Kaydetme, muhafaza etme gibi fiiller, insanoğlunun tabiatındaki yatkınlıklarından olsa gerektir ki; taşa, deri parçasına, deniz kabuklarına, ağaç kovuklarına, mağara duvarlarına ve kayda değer gördüğü nice eşyaya nakşetmiştir ademoğlu ahvalini. Ben de bu yazı serisinde insanın kendisiyle ilişkilendirdiği bir anın, bir halin, bir güzelliğin, bir yaşanmışlığın aktarılması için aracı edindiği bunca eşya arasından kâğıdı seçmiş, kâğıt üzerine sizlerle konuşacağımı duyurmuştum daha önce.
Arşivlere baktığımız zaman ilk kez Mısır topraklarında “papirüs” isimli bir bitkinin farklı aşamalardan geçerek kâğıt haline geldiğini görüyoruz. Yine arşivlerden XIII. yüzyılda Orta Asya’da bir saray görevlisinin ağaç kabukları, bez parçaları ve diğer lifli malzemeleri özlü ve yumuşak bir hamur haline gelinceye kadar dövüp kâğıt elde ettiğini öğreniyoruz.
Yaptığı karışımı geniş bir tekne içinde suyla karıştırarak odun hamuru elde eden görevli, daha sonra gözenekli bir kalıbı hamurun içine daldırıp yukarıya kaldırıyor. Su gözeneklerden süzülerek aşağıya akıyor, kalıbın yüzeyinde lifli bir tabaka kalıyor. Bu tabaka kalıp üzerinden alınıp kurutulduğunda ve üzerinden el yapımı silindirlerle geçildiğinde kâğıt kullanıma hazır hale geliyor. Yani önce birbirinden ayrı ve bağımsız duran malzemeler birleştiriliyor, yoğurulup hamur halini alıyor. Odun hamuru denen bu sulu karışım bir süzgeçten süzülüyor, elek üzerinde kalan malzeme önce bekletiliyor sonra tabiri caizse bir güzel eziliyor, böylece pürüzsüzleşiyor. Bu aşamalardan sonra kaleme değer bir hale geliyor.
لتركبن طبقا عن طبقا
“(Ki siz ey insanlar) Mutlaka tabakadan tabakaya binecek (halden hale) geçeceksiniz.” (İnşikak, 84/19)

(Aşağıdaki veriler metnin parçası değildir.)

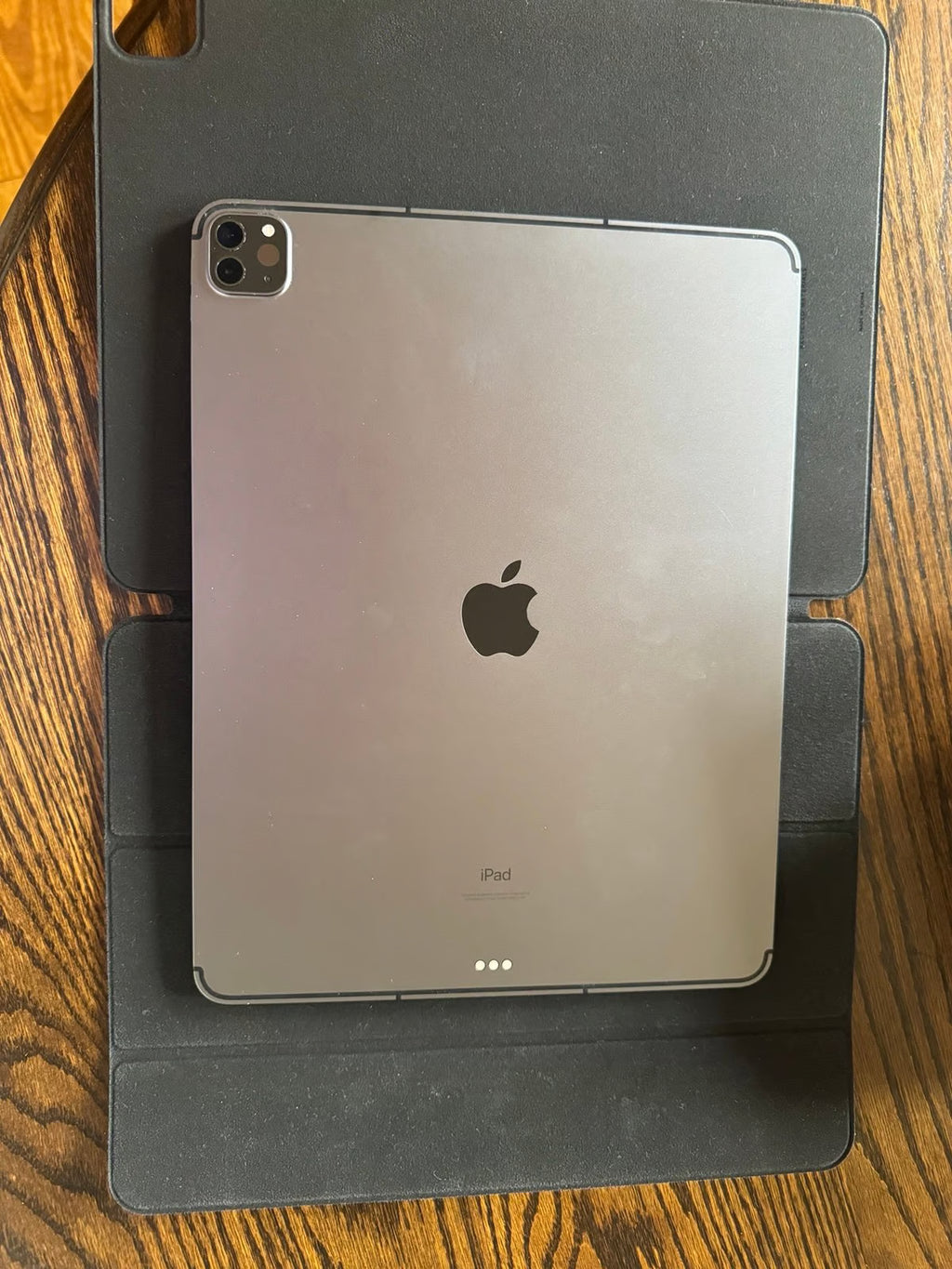 Apple iPad Pro 5th Generation 128 GB 8E85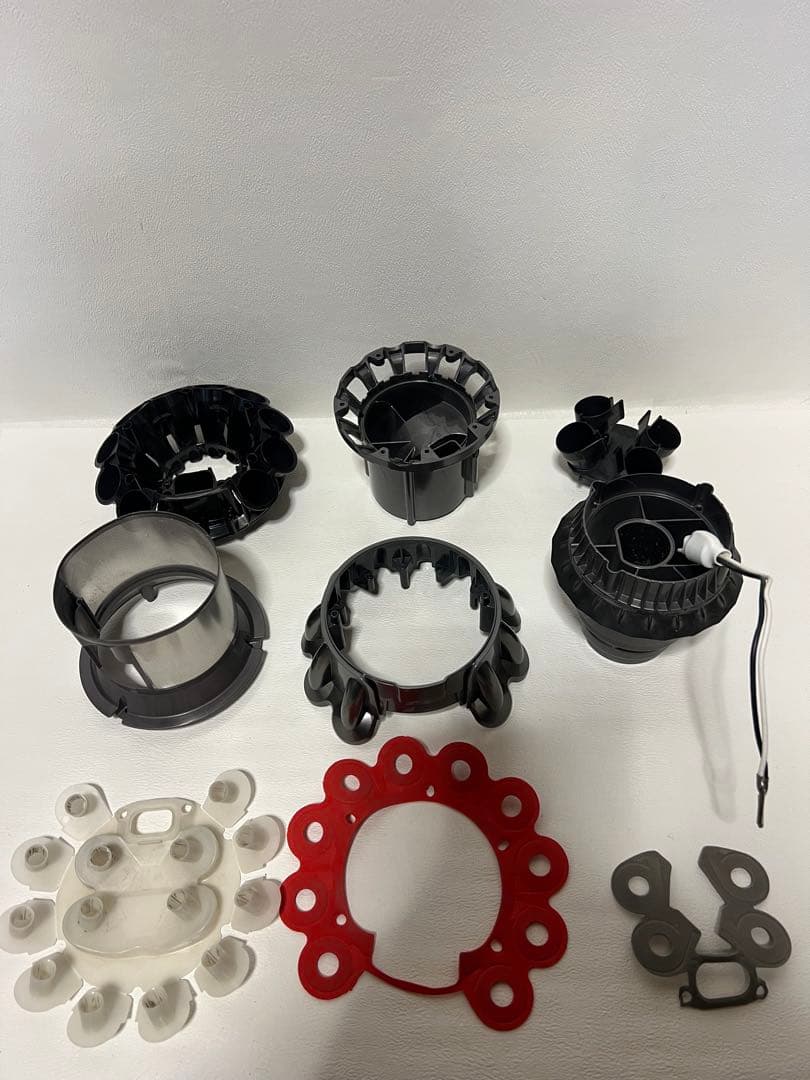 動作品ダイソンコードレス掃除機 dyson sv12 V10 1Z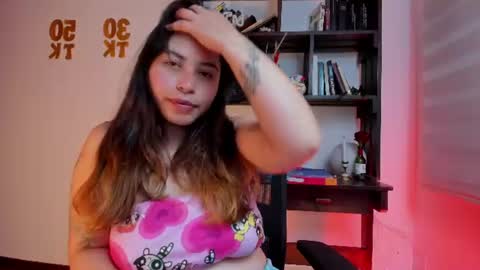 Snapshot of violett_red chatting on 06-17-26, 03:53 Violeta online show from 06-17-26, 03:53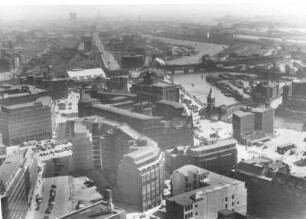 Hamburg-Altstadt. Das Geschäftsviertel um den Meßberg kam während des 2. Weltkrieges glimpflich davon.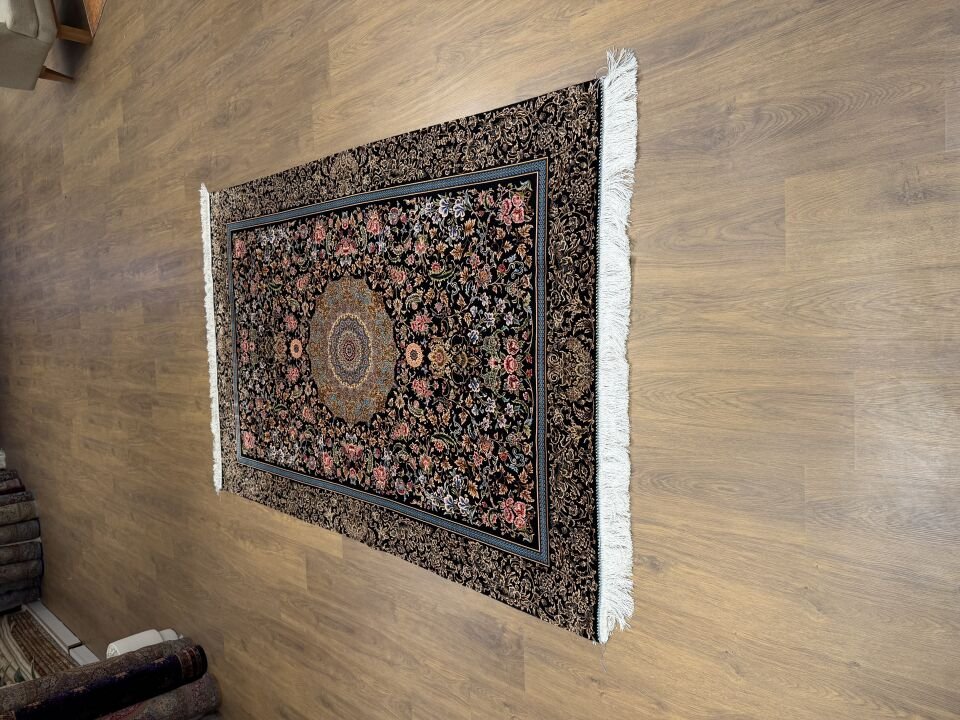 İran İpek Halı 150 x 225 Siyah Oriental Madalyon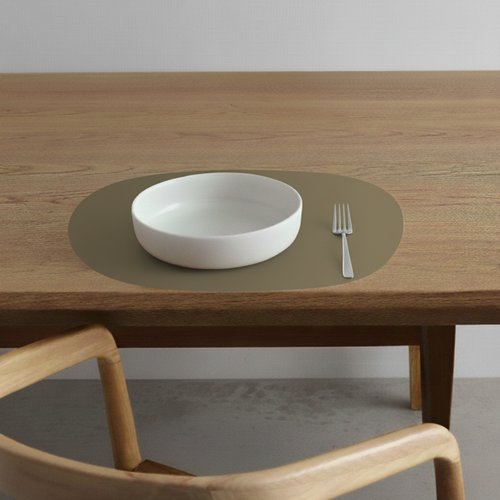 Vacavaliente SRL Ruca set de table ovale olive cuir recyclé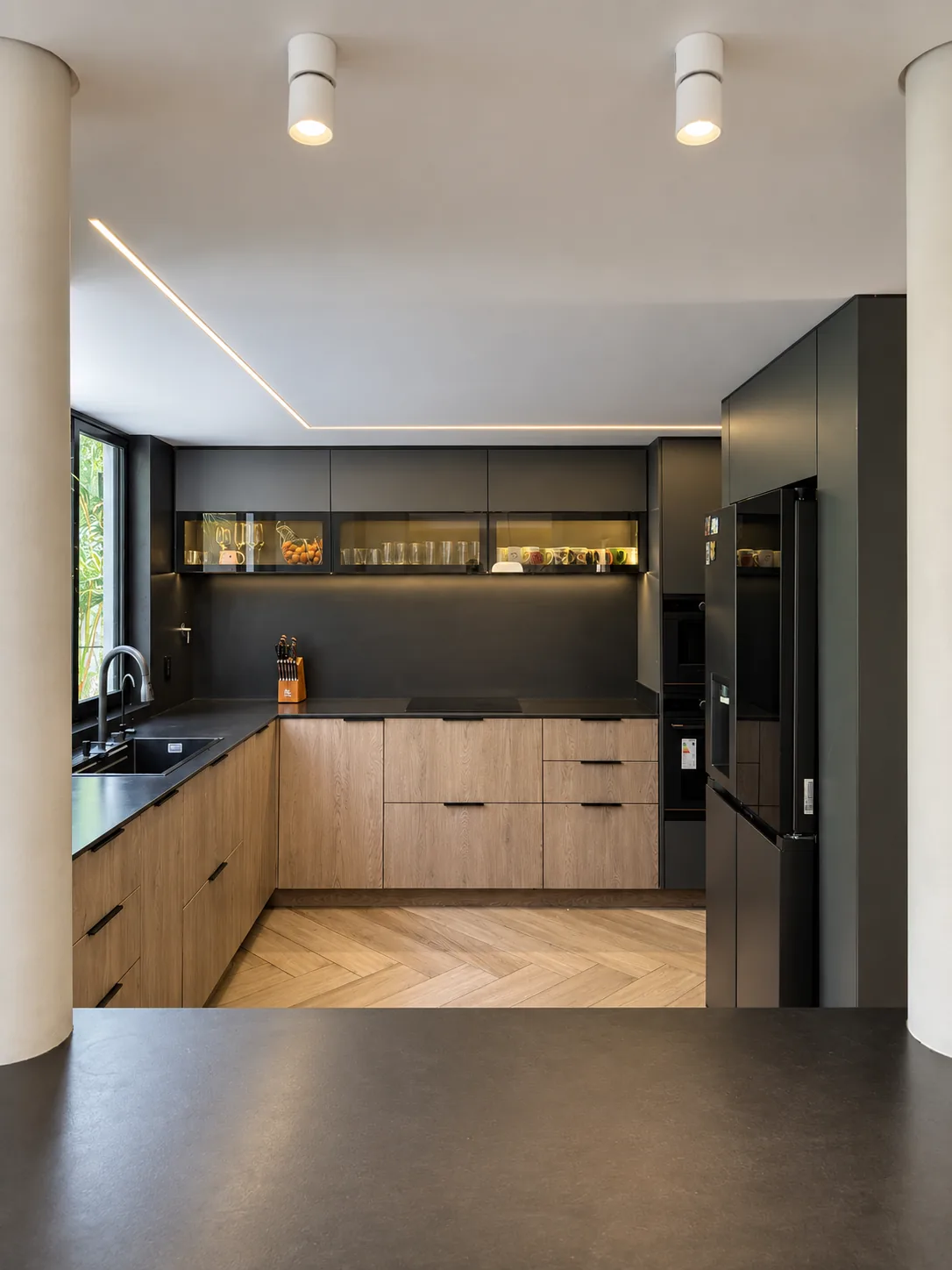 Casa Gascuña S&A – Overall view of the wood and black kitchen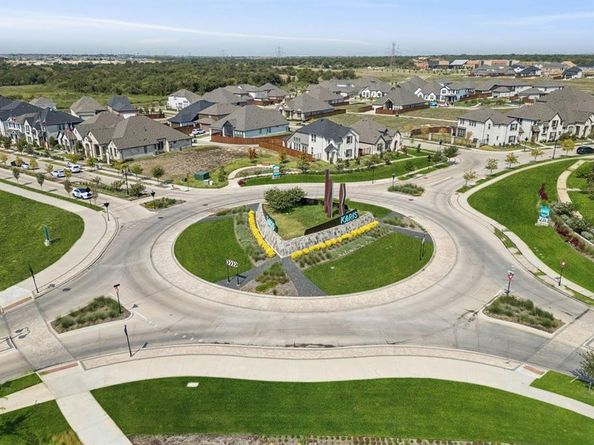 1000  Sunflower Street , Crowley Texas 76036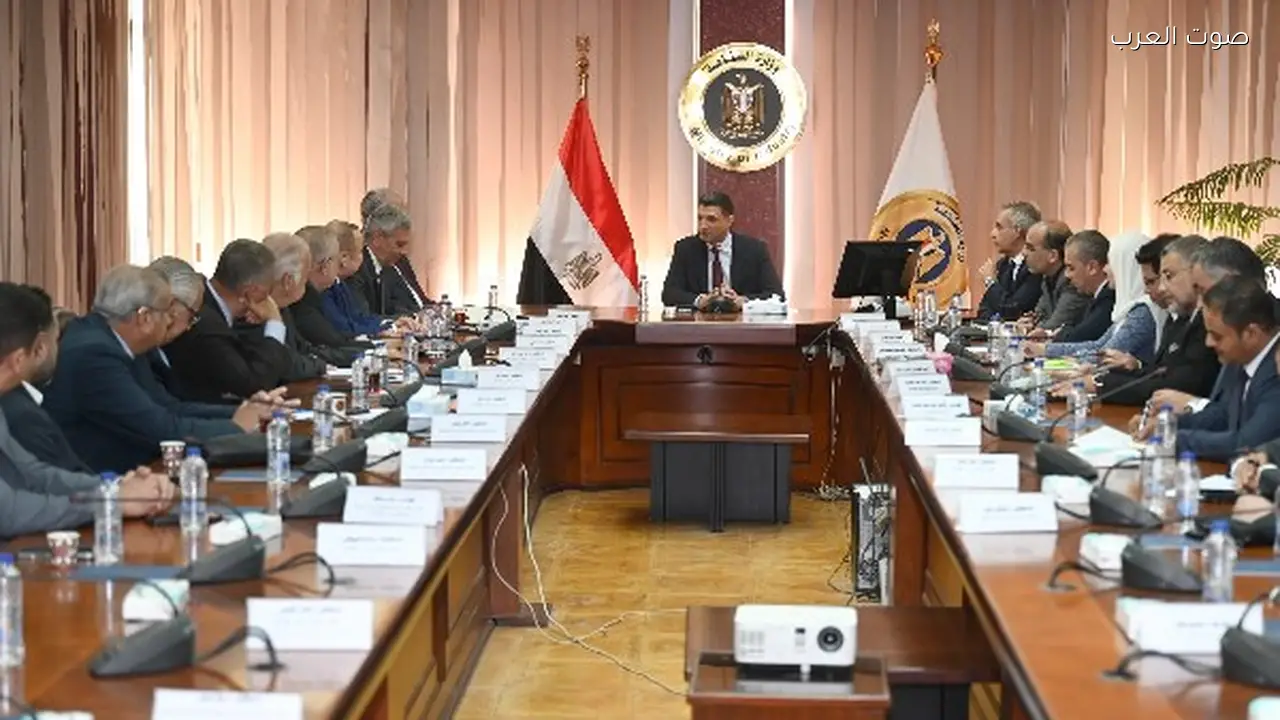 وزير الصناعة يناقش تعزيز التصنيع المحلي وزيادة صادرات الأدوية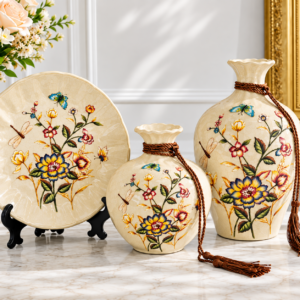 Set decorativ ceramic – 2 vaze & 1 platou cu flori și fluturi pictați manual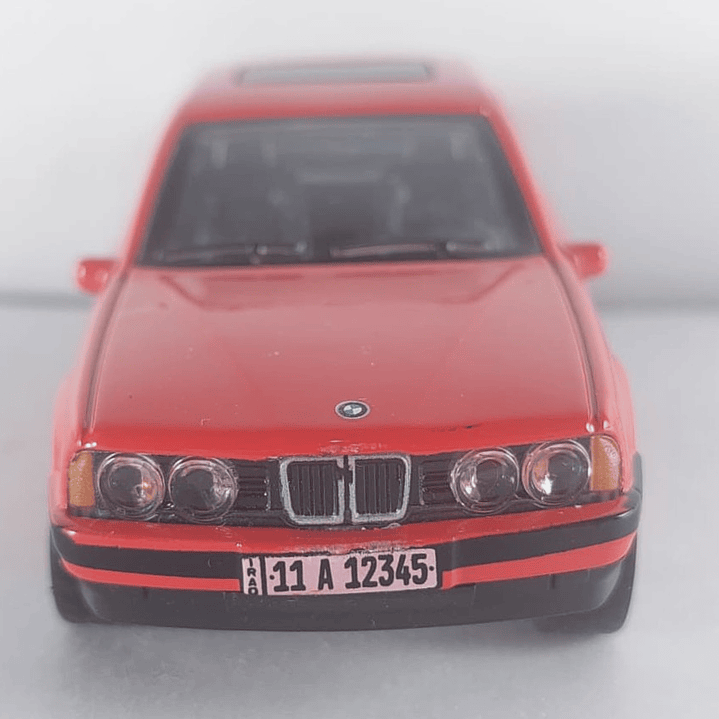 BMW SERIE 5 E34 ROJO Escala 1/36 luces LED 6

Usulsüz vusul bulunmaz, der büyüklerimiz. Usul “asıl” kelimesinin çoğuludur, yani “asıllar, kökler” manasına gelir. Kâğıt, olduğu halini alabilmek için bu aşamaların hepsine muhtaçtır. Bir usul ile birleşen çeşitli malzemeler bu aşamalar sayesinde önümüze tek bir malzeme olarak gelebilmektedir.
Madem halden hale geçirileceğiz 0 halde elbet vasıta olarak kullandığımız nice nimet de halden hale geçecek bizimle birlikte.
ن و القلم و ما يسطرون
“Nun. Kaleme ve yazanların ve onunla yazdıklarına andolsun ki sen Rabbinin lütfu sayesinde asla mecnûn değilsin.”
(Kalem, 68/1-2)
Kur’an-ı Kerîm’in ilk inen sûresine “Oku!” buyruğuyla başlandığı gibi Kalem sûresinin ilk âyetinde de Allah Teâlâ tarafından yazı aracı olan kaleme ve kalem ehlinin onunla yazdıkları üzerine yemin edilmiştir. Bu durum, İslâm’ın okuma yazmaya, bilime ve yazılı kültüre verdiği önemi göstermesi açısından oldukça anlamlıdır. Özellikle Hicaz Bölgesi Araplarının ilk defa Kur’an ile birlikte yazılı kültüre geçmelerinde, başka sebepler yanında bu gibi âyetlerin teşvik edici bir role sahip olduğu söylenebilir.
El-hasıl a dostlar!
Yazana, yazdırana hamdolsun. Yolumuz kayda değer bir hoş sada üzere el-Bâkî olan Allah’a vâsıl olsun. Kâğıda ve üzerine nakşolunan nice kelama selam olsun, vesselam.